As a result of the commission’s decision, developers of 12 Idaho Power Company wind projects and five Rocky Mountain Power projects whose contracts were executed after the Dec. 14 deadline will not be eligible for published rates. However, the wind projects could still be developed under a rate negotiated between the project developers and the utilities. (The projects are detailed below.) Ten Idaho Power wind projects that were submitted just before the deadline have already been approved by the commission.
The commission said that continuing to allow wind projects larger than 100 kW to be paid the published rate does not benefit ratepayers. “If we allow the current trend to continue, customers may be forced to pay for resources at an inflated rate and, potentially, before the energy is actually needed by the utility to serve its customers,” the commission said. “This is clearly not in the public interest.”
Idaho’s three major regulated electric utilities petitioned the commission last November to reduce the 10 average MW eligibility cap because of the rapid development of large-scale wind projects that were “disaggregating” – breaking themselves down into smaller 10 MW projects – in order to qualify for the published rate. The utilities claimed that the rapid increase in the number of wind applications was forcing them to buy power they did not need at rates that are not reasonable for customers.
When combined, these projects can total up to 100 or 150 MW interconnecting at one delivery point, the utilities claim. For example, Idaho Power claimed it had about 470 MW of wind power online at the end of 2010. The utility claimed that with commission approval of a number of proposed wind contracts, Idaho Power would have 1,100 MW of wind generation on its system in the near term, which exceeds the amount of power used in its total system on the lightest energy-use days.
At the time of the November filing, PacifiCorp (doing business in eastern Idaho as Rocky Mountain Power) said it had 64 MW of wind contracts executed and another 358 MW proposed.

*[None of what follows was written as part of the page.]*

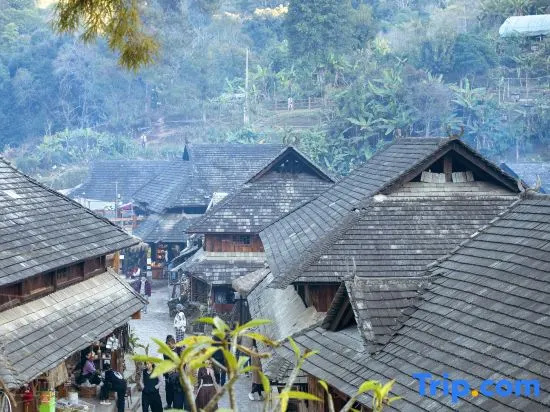 Sunset Yard in Pu'er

More than 300 MW of the proposed contracts were once large wind projects that were disaggregated into smaller 10 MW projects to meet the commission’s published rate criteria, Rocky Mountain Power claimed.

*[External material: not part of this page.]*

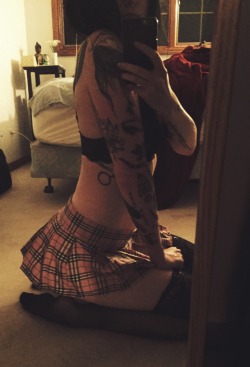 the-perks-of-eating-pussy:  girlseatgirls:  Got a new skirt today  queen of tumblr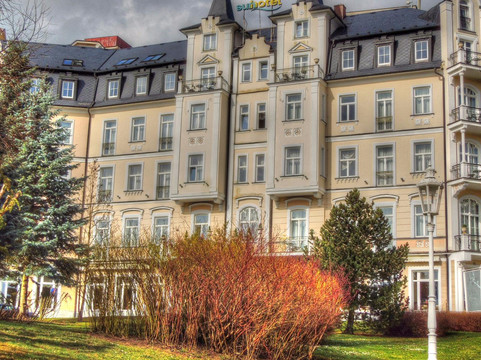 太阳宫健康酒店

The magnitude of PURPA wind project development in Idaho “has reached monumental levels and the current avoided published cost levels will have a significant impact on the net power cost portion of its Idaho and other jurisdiction customer’s rates,” Rocky Mountain stated.
PURPA, the Public Utility Regulatory Policies Act, requires regulated utilities to buy power generated by small qualifying projects (QFs) at rates based on “avoided-cost” – the cost the purchasing utility avoids by not having to generate or buy from elsewhere the energy the PURPA project generates. The published rate paid developers in recent years does not truly represent “avoided-cost,” the utilities claimed.
In response to the utilities’ petition, the commission initiated a proceeding, which included a two-day technical hearing and participation by 22 parties, to attempt to find ways that wind and solar projects could obtain a published rate that more accurately reflects the actual value of the energy produced. (Solar projects, while not yet developed in Idaho, are included because the potential for them to disaggregate.)
Commission staff and other parties attempted to establish criteria that would allow the commission more discretion in determining whether a QF was truly a small project as anticipated by PURPA or a larger project that had disaggregated. The commission declined to adopt the criteria, maintaining that the potential would still remain for the criteria to be circumvented. “Furthermore, a 100 kW threshold for wind and solar QFs provides a certainty to the parties in negotiations that disaggregation criteria would not,” the commission said.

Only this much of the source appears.